While Kelly’s trial was the first high-profile case of the #MeToo era in which most of the victims were Black, race was rarely mentioned in the court proceedings. Kelly amassed success and acclaim across the landscape of American pop music, and more specifically in the Black traditions of R&B and gospel. As Kitti Jones, who has said that Kelly abused her during their relationship between 2011 and 2013, spoke on Wednesday, she pointed to the time that passed before Kelly’s crimes caught up to him.

“Knowing his fanbase looked like many of his victims,” Jones said, “he knew the public would never believe them.”

The only words Kelly had for the courtroom, just before his sentence was delivered, were: “Yes, your honor, that’s my wish.” He was confirming his lawyer Jennifer Bonjean’s remark that he didn’t wish to address the judge or his victims, citing his other pending cases. (Kelly also faces sex crimes charges in Minnesota at the state level and federal charges in Illinois, all of which he has denied.) As in Kelly’s sentencing submission to the court, Bonjean said on Wednesday that mitigating factors for Kelly’s sentence should include his own history of childhood abuse.

“He accepts that he is a flawed individual,” she said. “He does sit here with regrets.”

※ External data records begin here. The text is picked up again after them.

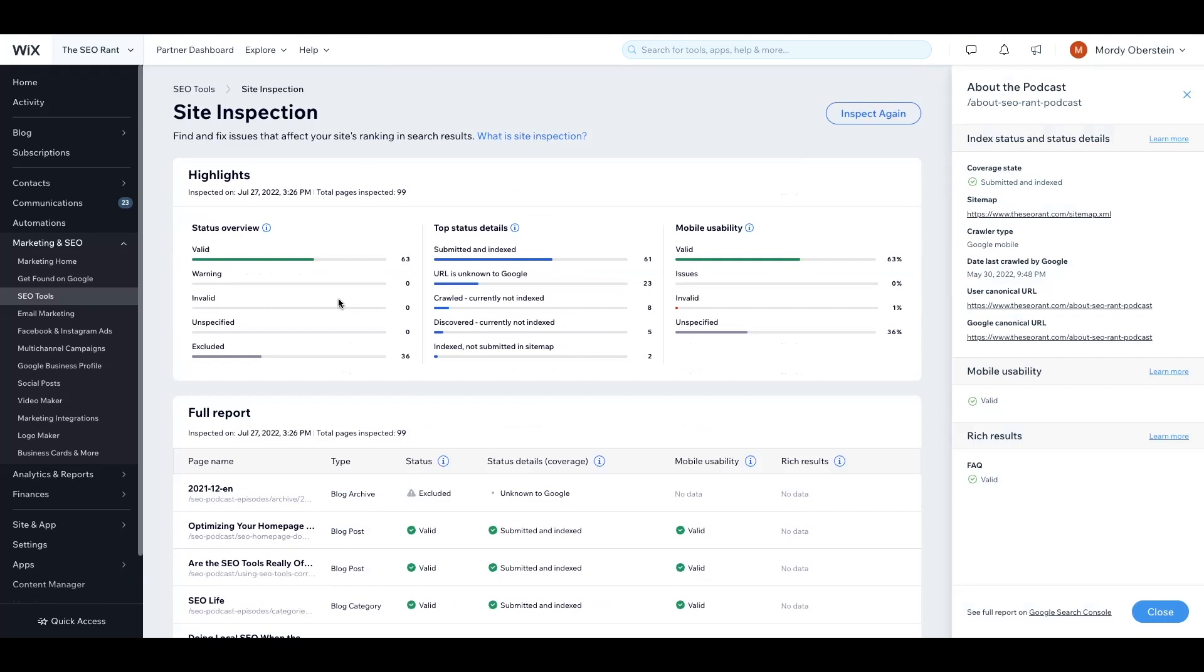Thank you for joining me as we explore the site inspection dashboard in Wix. I hope you make use of the information within the dashboard to better optimize your site for increased traffic from Google results and to help you grow your business overall.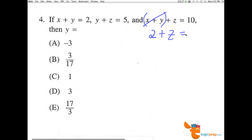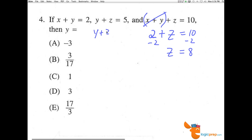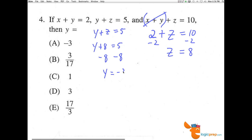And our z equals 10. So we subtract 2 from both sides, and we can see that z will equal 8. Then, if z is 8, we can go here and say y plus z equals 5. So y plus 8 equals 5. Subtract 8 from both sides, and y equals 5 minus 8, which is negative 3. Making A the correct answer choice.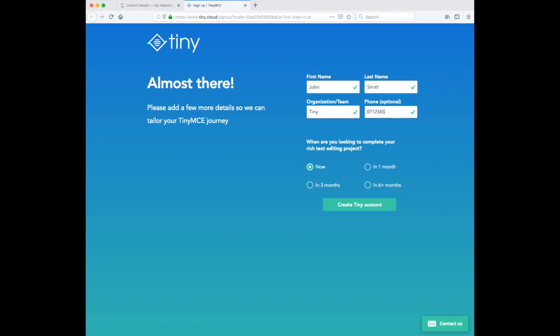If you already have a TinyCloud account, you can skip these steps and go straight to my account.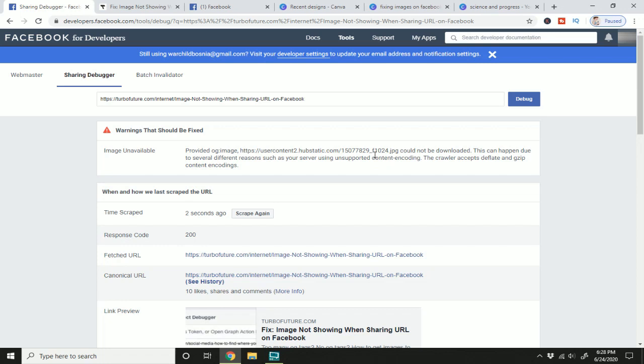Now if you're using something like WordPress, this can be fixed by changing out some of your image plugins. If you have multiple image plugins, they could be competing for which image it wants to pull up. So try not to have too many WordPress image plugins.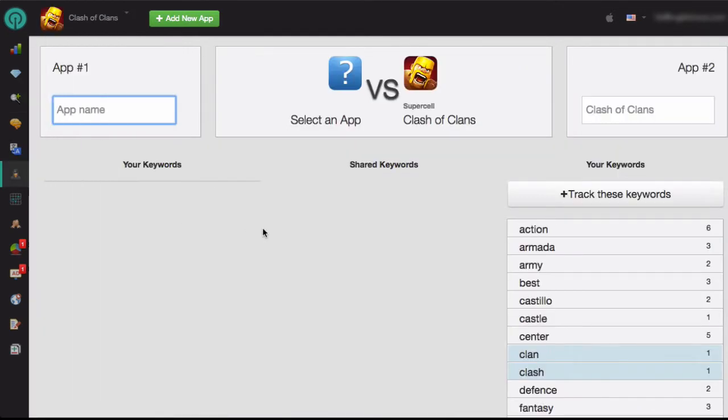If you want to compare your keywords to the keywords of your competitor, just enter their app name in the app number 1 box.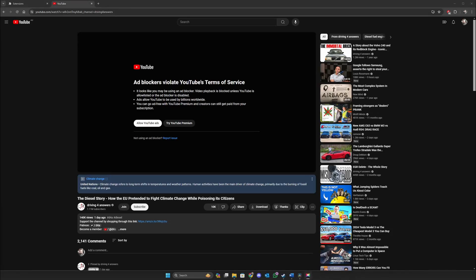Hi there. Welcome to my channel. In this video I am going to show you a tutorial on how to bypass YouTube's AdBlocker screen to watch YouTube videos or music without the annoying interruptions.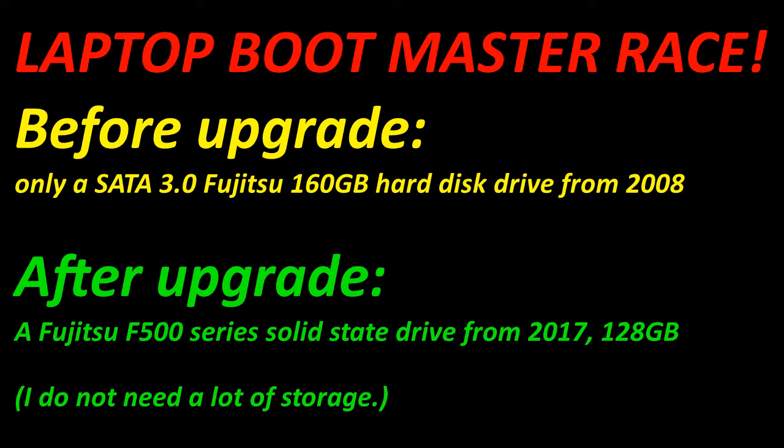Hi, this is a laptop boot race. I'm comparing the before upgrade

Donnelly, in explaining her sentencing decision, said she took Kelly’s experience of abuse into account, but only up to a point: “Even if it is a form of an explanation, it is certainly not an excuse.” She wondered how it all could’ve happened in plain sight.

“I don’t know why these people turned a blind eye,” Donnelly said, referring to the members of Kelly’s enterprise. “Maybe it just became normal to these people.”

The sentence she decided on is about as long as the record of Kelly’s abuse. For decades, he operated with near-total impunity as his career flourished. A woman using the pseudonym Angela on Wednesday spoke to how the truths of Kelly’s life and his work had finally begun to converge: “Your self-proclaimed alter ego of the Pied Piper could not exist without the living, breathing Robert Sylvester Kelly.”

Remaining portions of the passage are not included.